▶ [Exercise instructions] Transcribe exactly, leaving out pictures, the lines from the one that holds "1785 Sw BATTAGLIA Ave, Gresham, OR 97080" through the end of the data below, including both end lines and no others.

Start of Given data

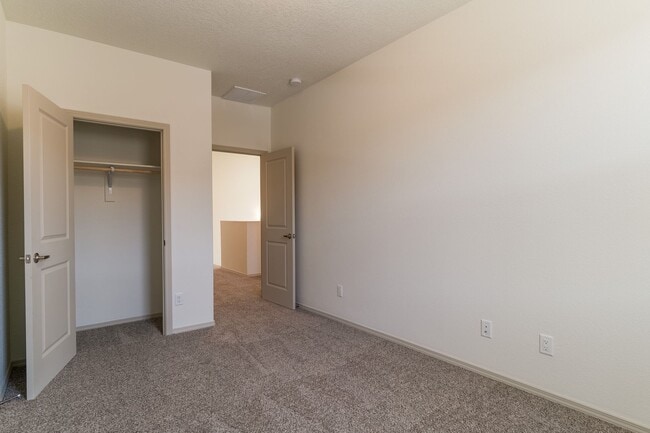 Building Photo - 3 Bedroom Santa Fe Townhouse
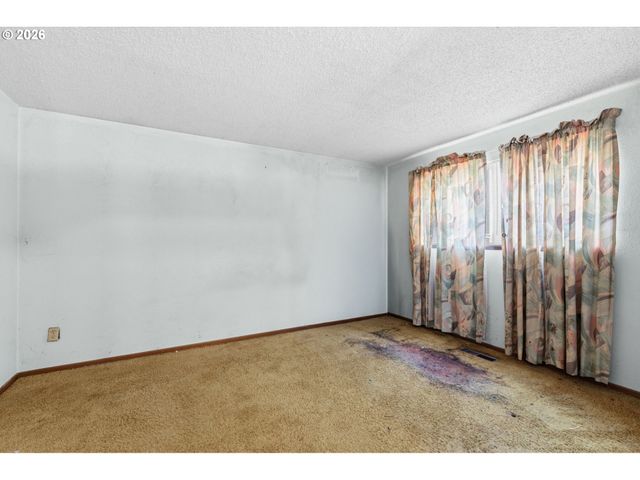 1785 Sw BATTAGLIA Ave, Gresham, OR 97080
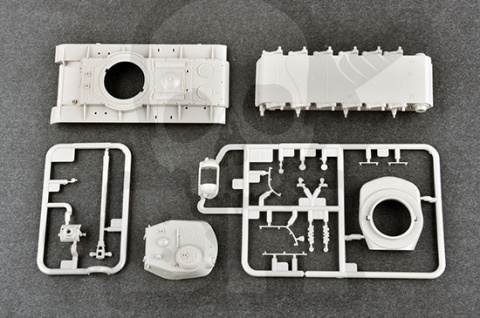 Trumpeter 07128 Ciężki czołg KV-122 1:72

End of Given data

▶ [Final answer]
 1785 Sw BATTAGLIA Ave, Gresham, OR 97080
 Trumpeter 07128 Ciężki czołg KV-122 1:72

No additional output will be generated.